Aim adviser and wealth manager Merchant Securities is recommending a 22p a share cash bid from South Africa-based financial services group Sanlam.

The bid values Merchant at £12.2m. The shares hit 23.5p each in April this year. Management are effectively locking themselves into the business through arrangements where they will own shares and be stopped from selling them for three years.

Management and the employee benefit trust are swapping some of their Merchant shares for B shares representing 22.27% of the buyout vehicle. John Amor, Lindsey Hamilton, Nigel Gurney and Colin Henderson, who do not hold any Merchant shares, and Patrick Claridge, Simon Clements, and Lindsay Mair, who do, will subscribe for a total of 1.52m B shares at 22p each. This is equivalent to a further 2.73%. That means that the management will own 25% of the buyout vehicle.
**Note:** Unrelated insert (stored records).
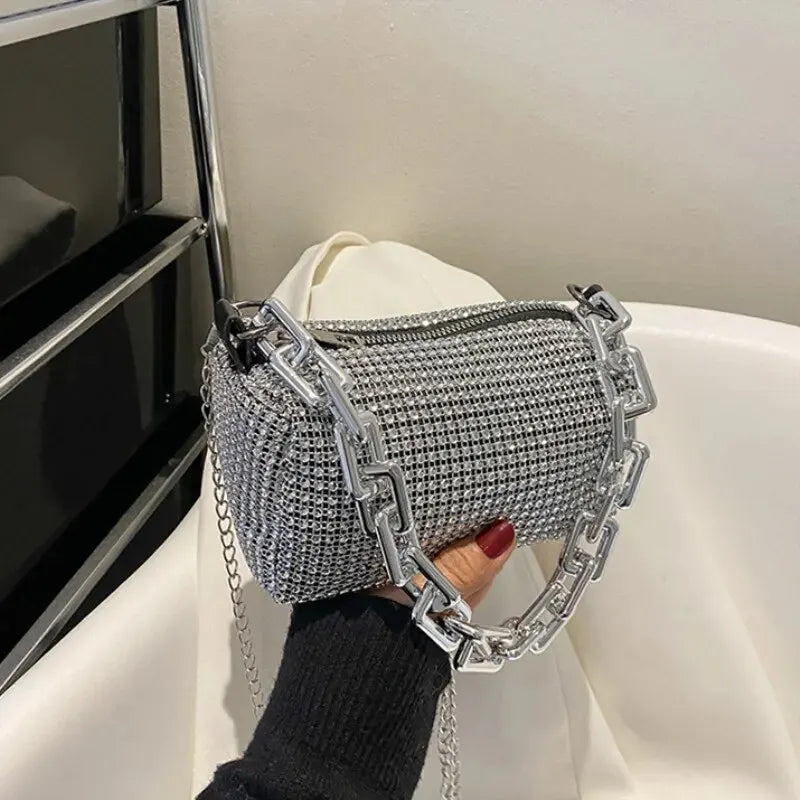 Luxury Rhinestone Mini Bucket Bag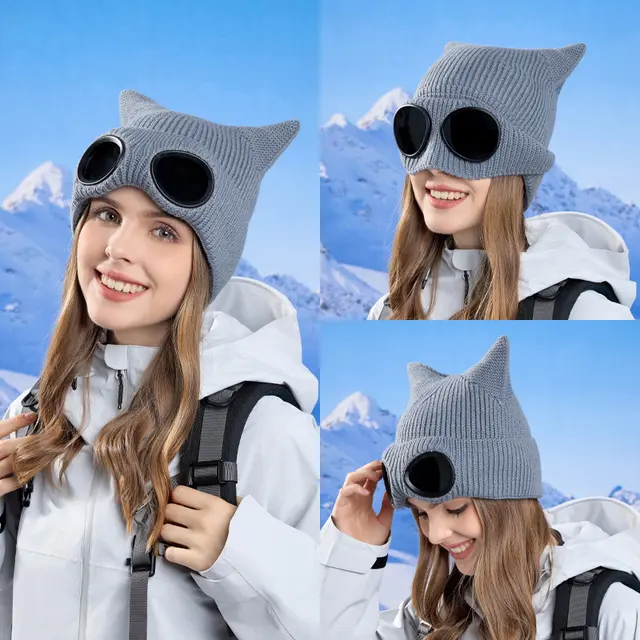 Women's Aviator Beanie with Goggles, model HJ-BG-8593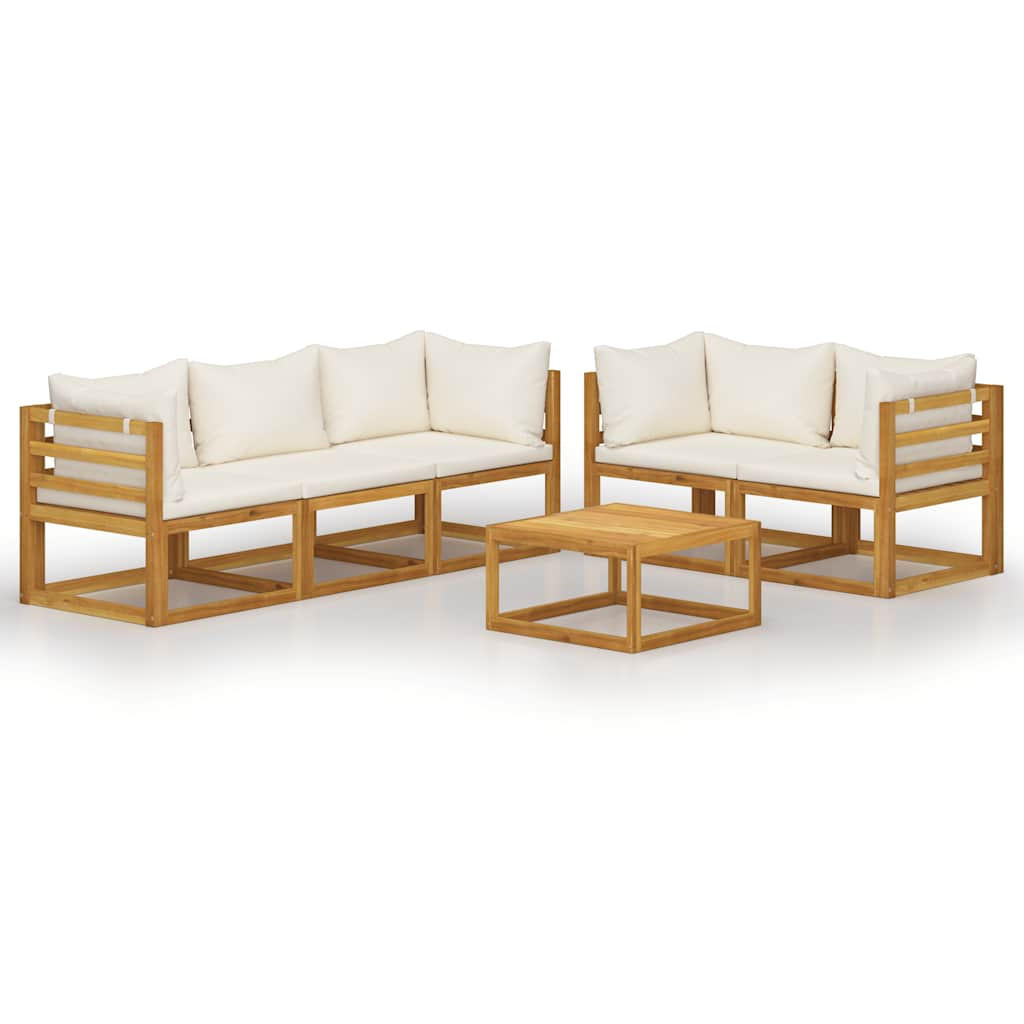GARTENSET Remmele 6-teilig - Creme, Holzwerkstoff - Nettlife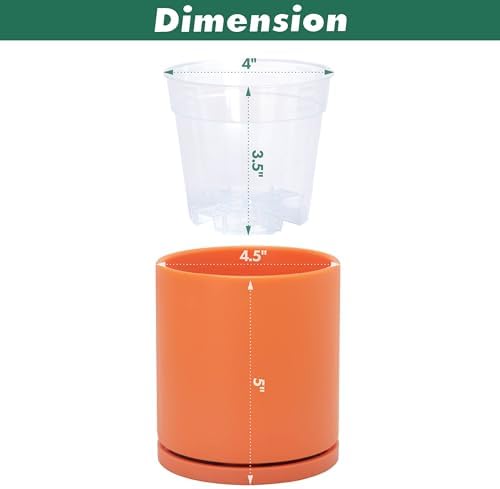D'vine Dev Double-Layer Self-Draining Planter Set – Rotating Plastic Outer Pot with Clear Inner Liner for Root Health, Perfect for Indoor Plants, 4.5", Set of 2, Pumpkin, 73-V-E-1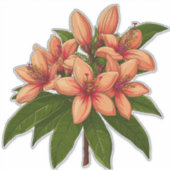 Bright Orange Hibiscus Bouquet Aufkleber (Vorderseite)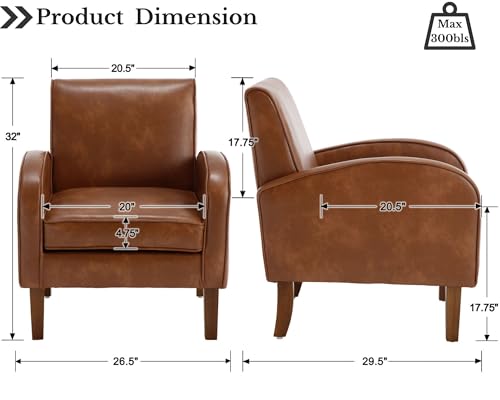 Image of LIVINOVA Brown Faux Leather Accent Chairs Set of 2, Mid Century Modern Upholstered Arm Chairs with Wooden Legs, Comfy Reception Office Club Reading Side Lounge Chair for Living Room Bedroom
They own all the B shares and Sanlam UK owns all the A shares - equivalent to 75% of the share capital. The holder of the A shares can appoint five directors and the owners of the B shares can appoint three directors. However, Sanlam has to agree to any appointee that is not one of the original management shareholders.

The B shares can not be sold for three years unless it is “in order to alleviate the severe personal hardship of the B shareholder concerned”. After three years, any share sales have to be made to another B shareholder, the employee benefit trust, a new employee or back to the company itself.

Any shareholder who leaves as a “bad leaver” will be forced to sell their shares at the lower of the bid price or fair value. This is also true if someone leaves within 12 months of the bid going through. A good leaver, who lasts at least 12 months, will receive fair value for the shares.

It appears that Sanlam is keen to keep both the broking and wealth management businesses and retain the management. Sanlam UK already has wealth management operations.